« La Marche, le film qui parle d’Arabes et pas de musulmans », fait-religieux.com, 20 novembre 2013

Allez voir La Marche, le film qui commémore la Marche pour l’égalité et contre le racisme de 1983, plus tard surnommée la Marche des Beurs (Arabes en verlan). C’est bien fait, c’est émouvant et c’est triste. Triste de voir la gaieté d’alors, l’espoir, la détermination qui animait ce petit groupe hétéroclite et pacifique parti des Minguettes, dans la banlieue de Lyon, en marche contre une violence policière réelle et récurrente. De Marseille à Paris, la poignée de marcheurs du début ralliera des centaines, puis des milliers, puis des dizaines de milliers de personnes. A l’arrivée, le 3 décembre 1983, les marcheurs seront reçus par le président François Mitterrand.

Trente ans après, il y a moins de violences policières mais l’ambiance est tout aussi tendue. Et l’on ne peut s’empêcher de se demander si la France a fait ce qu’il fallait pour que les fils et filles des Beurs d’il y a trente ans se sentent chez eux dans le pays où ils sont nés.  Pire, ils sont aujourd’hui convoqués collectivement au tribunal de l’opinion publique lorsque des actes terroristes, en France ou ailleurs, sont commis au nom de l’islam.

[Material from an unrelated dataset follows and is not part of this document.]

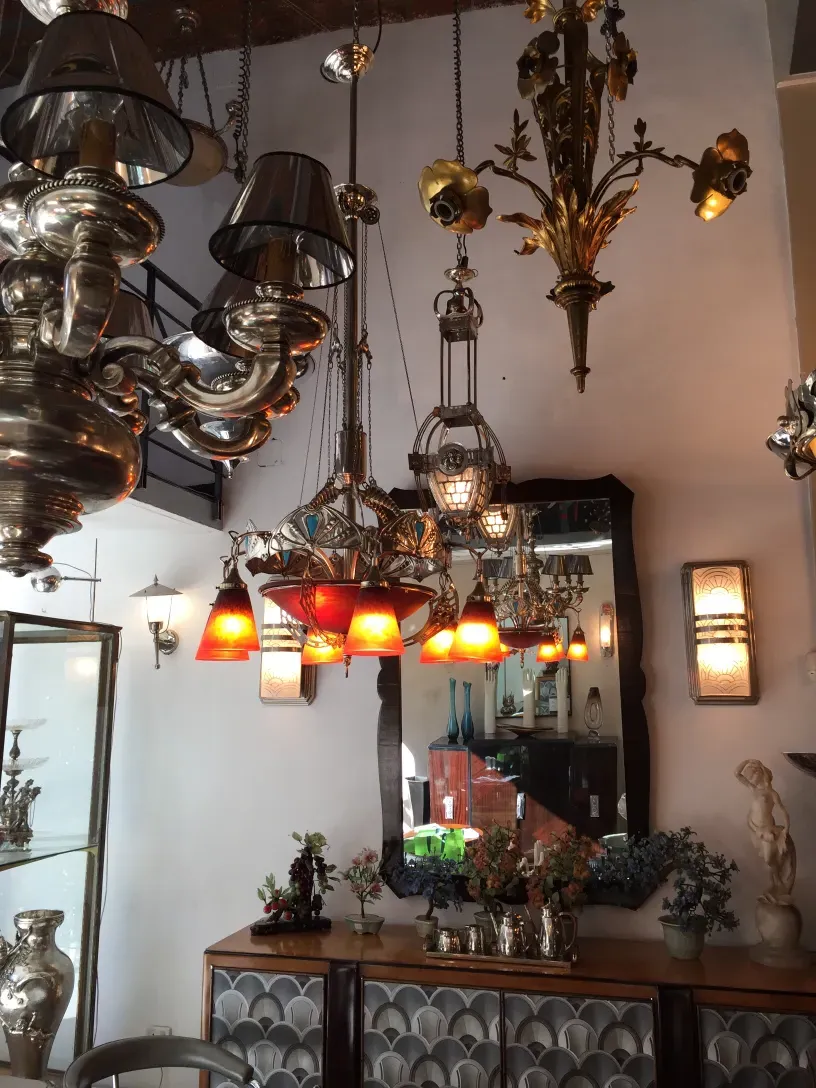 Lámpara de techo antigua charles schneider con detalles brillantes y coloridos en un ambiente vintage.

L’école catholique mettait les gens dans la rue

Pour cela, le film efficace du réalisateur belge Nadil Ben Yadir tombe bien. Sans ennuyer, il donne à réfléchir. Une différence saute aux yeux : l’absence de la religion. A part les croix dans les chapelles où les marcheurs sont hébergés durant leur périple, il n’en est jamais question. C’est le changement le plus criant entre hier et aujourd’hui. Le père Christian Delorme, qui fut l’un des marcheurs de 1983, a inspiré l’un des personnages du film, appelé Christian Dubois et interprété par Olivier Gourmet. Lors du colloque « La République à l’épreuve de l’islam » organisé par l’Iris le 14 novembre, le vrai « curé des Minguettes », a évoqué cette mutation. « A l’époque, la religion était peu présente. Ou plutôt, ce qui mettait des centaines de milliers de personnes dans la rue, c’était la question de l’école privée catholique ».

Autre question, le mélange. « Parmi le groupe des marcheurs qui comptait en moyenne une trentaine de personnes, il y avait une mixité remarquable : jeunes, moins jeunes, garçons, filles, musulmans, chrétiens. Je me demande si aujourd’hui on arriverait à mobiliser un groupe aussi mélangé. Dans la classe moyenne issue de la diversité, peut-être ; sans doute moins dans les quartiers les plus défavorisés et ghettoïsés. »

Grèves ouvrières et première revendications religieuses

Les échos du contexte international se faisaient entendre, en 1983 avec – déjà – un gros attentat à Beyrouth contre les soldats français et américains. « Quand nous passions, les gens qui venaient discuter avec nous nous interrogeaient là-dessus. Que pouvions-nous répondre ? »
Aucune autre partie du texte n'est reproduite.